* **Directions**: From the listing that follows, reproduce only the lines from the one holding "Ski goggles reflecting" through the one holding "TEMU Elegant Plus", both included, with no pictures.

* **Exercise data**:
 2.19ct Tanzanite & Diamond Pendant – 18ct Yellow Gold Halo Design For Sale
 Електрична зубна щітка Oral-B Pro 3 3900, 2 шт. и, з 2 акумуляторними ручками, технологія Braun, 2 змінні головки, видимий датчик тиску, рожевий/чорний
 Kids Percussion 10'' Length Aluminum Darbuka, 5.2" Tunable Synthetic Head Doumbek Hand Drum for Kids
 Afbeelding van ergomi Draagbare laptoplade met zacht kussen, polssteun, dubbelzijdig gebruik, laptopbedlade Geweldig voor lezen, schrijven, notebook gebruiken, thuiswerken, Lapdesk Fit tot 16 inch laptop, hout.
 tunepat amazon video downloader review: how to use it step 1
---
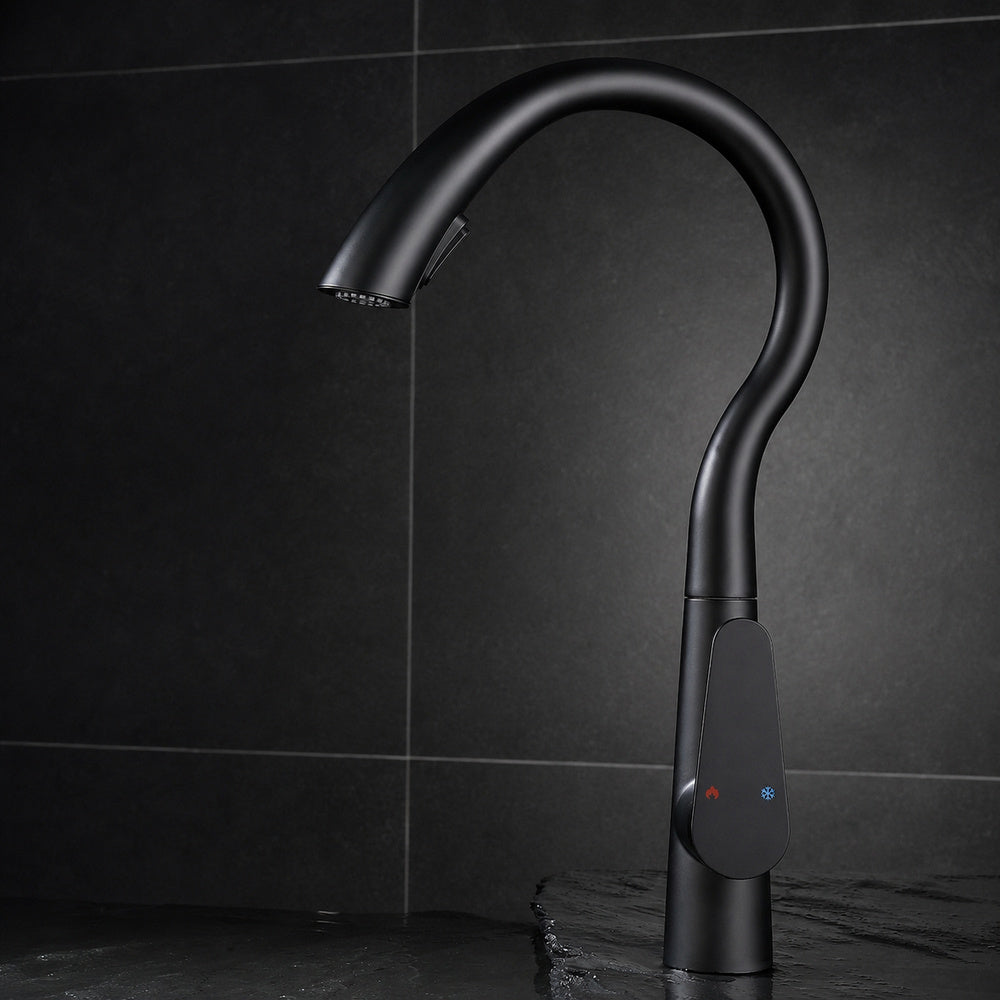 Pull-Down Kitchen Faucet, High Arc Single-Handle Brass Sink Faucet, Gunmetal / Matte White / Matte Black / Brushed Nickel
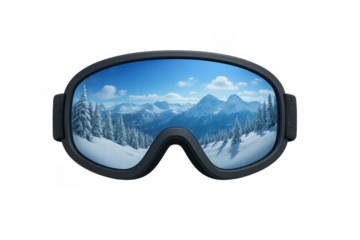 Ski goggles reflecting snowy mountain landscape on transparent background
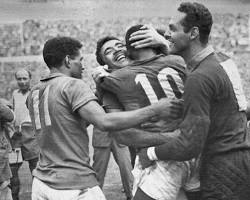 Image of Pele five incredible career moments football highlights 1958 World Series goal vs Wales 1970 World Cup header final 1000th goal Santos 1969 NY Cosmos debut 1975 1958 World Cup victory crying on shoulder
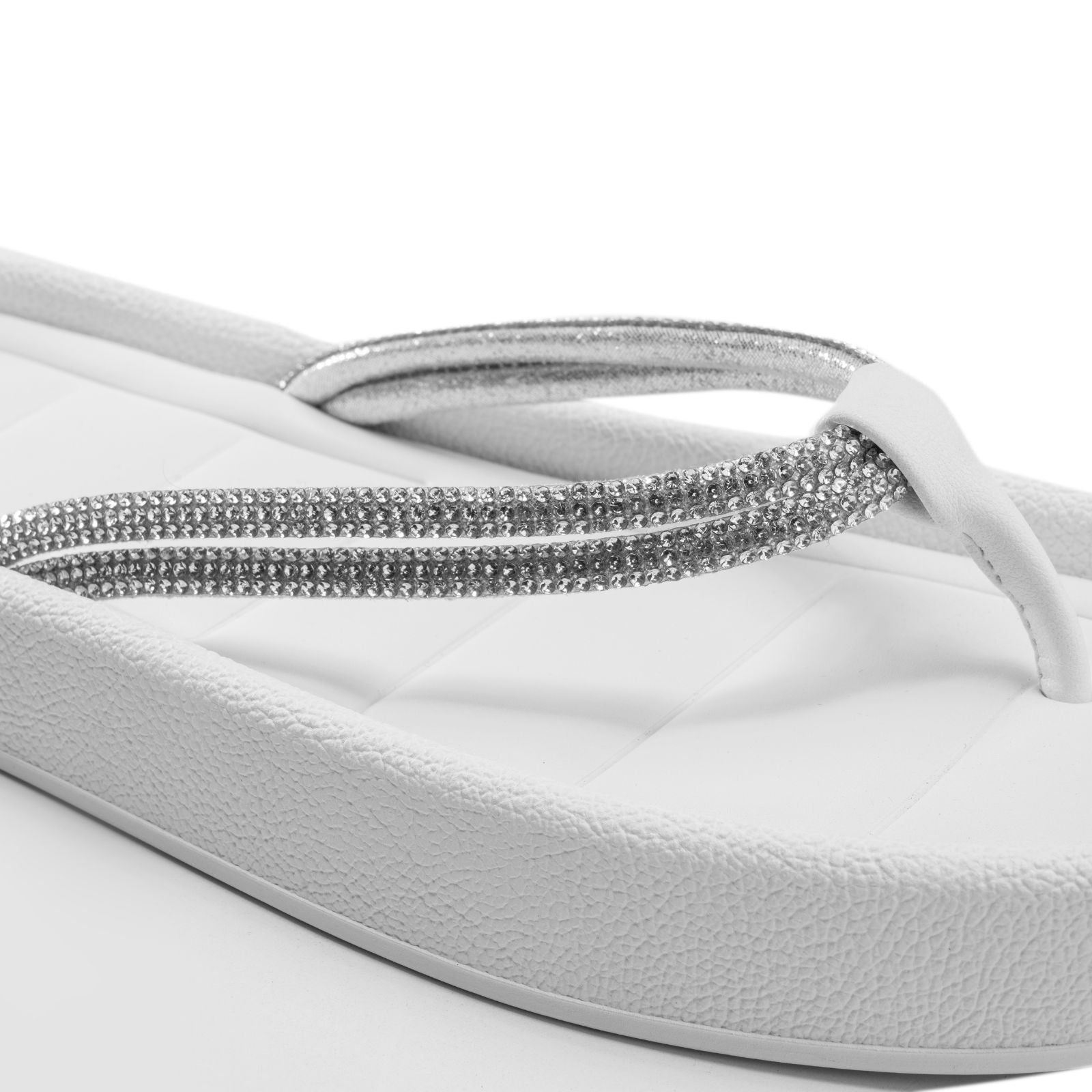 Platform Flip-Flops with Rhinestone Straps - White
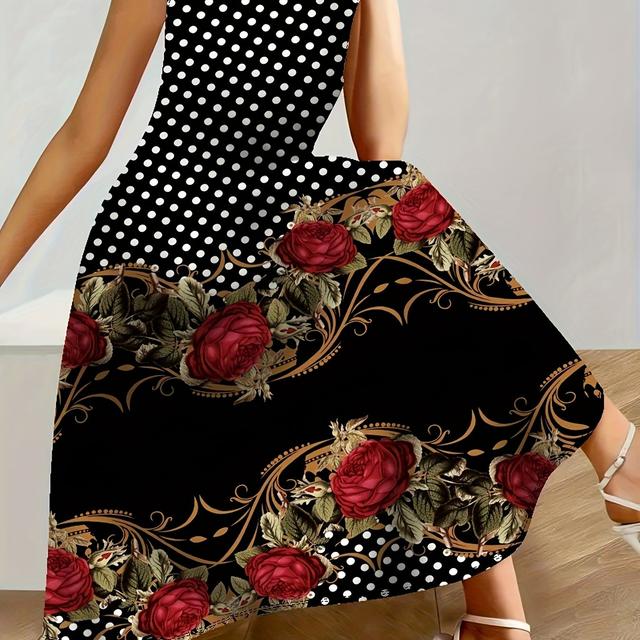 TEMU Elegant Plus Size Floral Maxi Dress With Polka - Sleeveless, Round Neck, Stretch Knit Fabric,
---
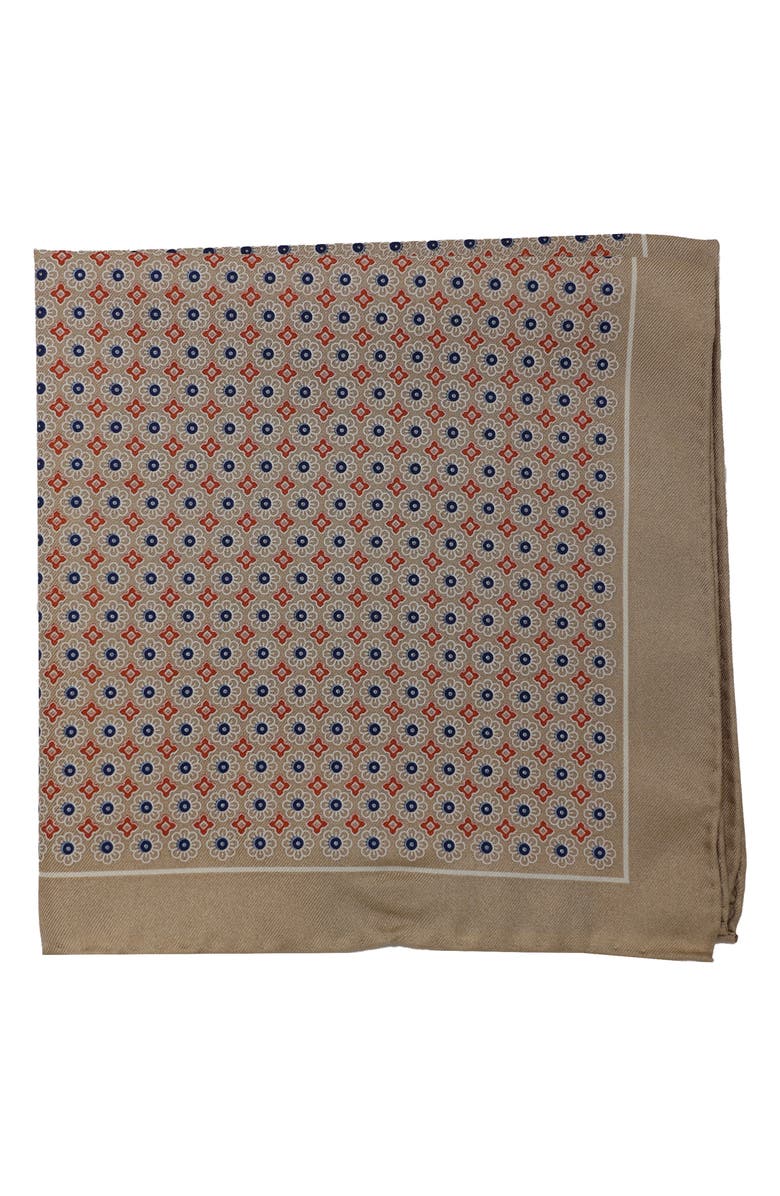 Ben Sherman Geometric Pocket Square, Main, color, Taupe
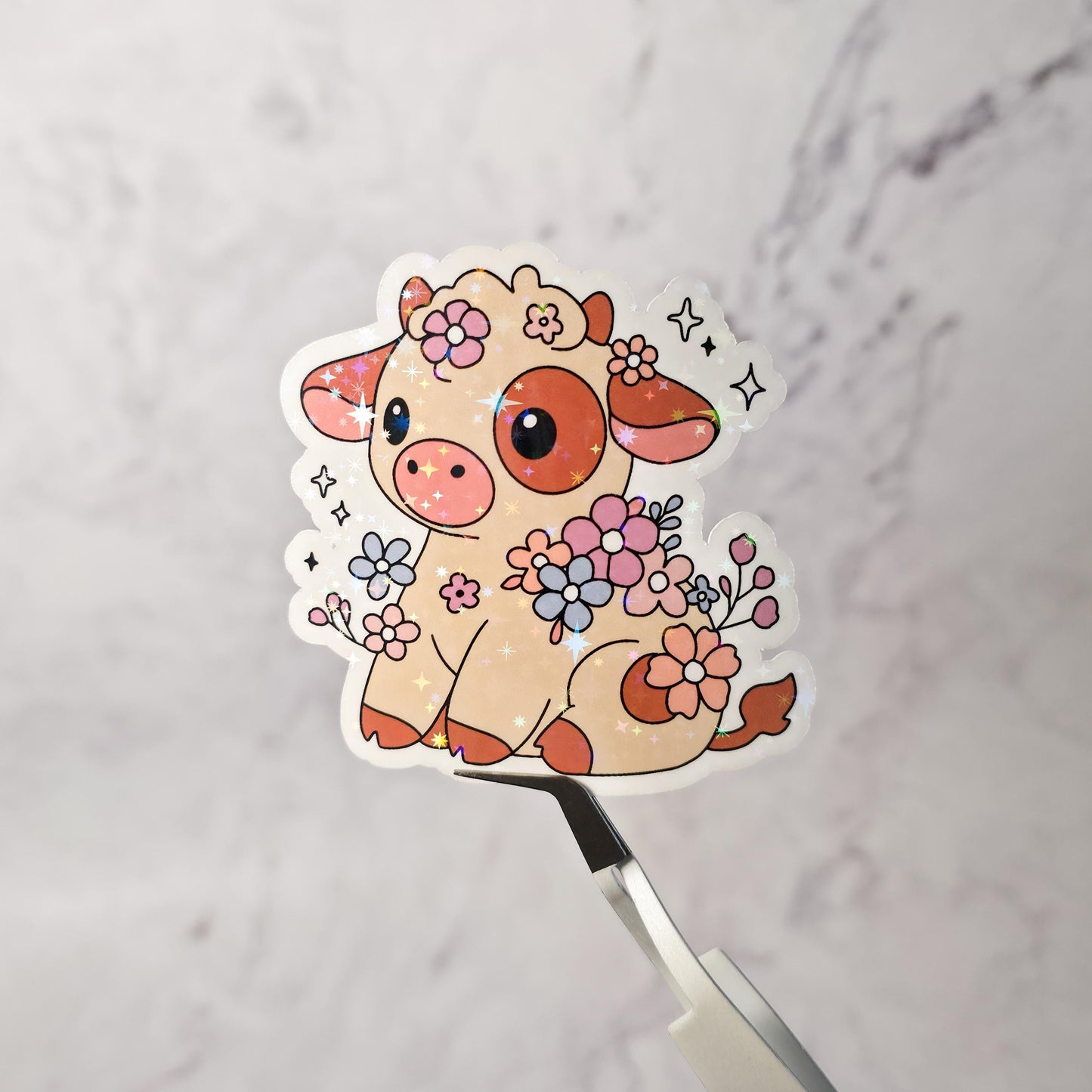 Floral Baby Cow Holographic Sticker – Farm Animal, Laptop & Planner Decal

* **Solution for this exercise**:
 Ski goggles reflecting snowy mountain landscape on transparent background
 Image of Pele five incredible career moments football highlights 1958 World Series goal vs Wales 1970 World Cup header final 1000th goal Santos 1969 NY Cosmos debut 1975 1958 World Cup victory crying on shoulder
 Platform Flip-Flops with Rhinestone Straps - White
 TEMU Elegant Plus Size Floral Maxi Dress With Polka - Sleeveless, Round Neck, Stretch Knit Fabric,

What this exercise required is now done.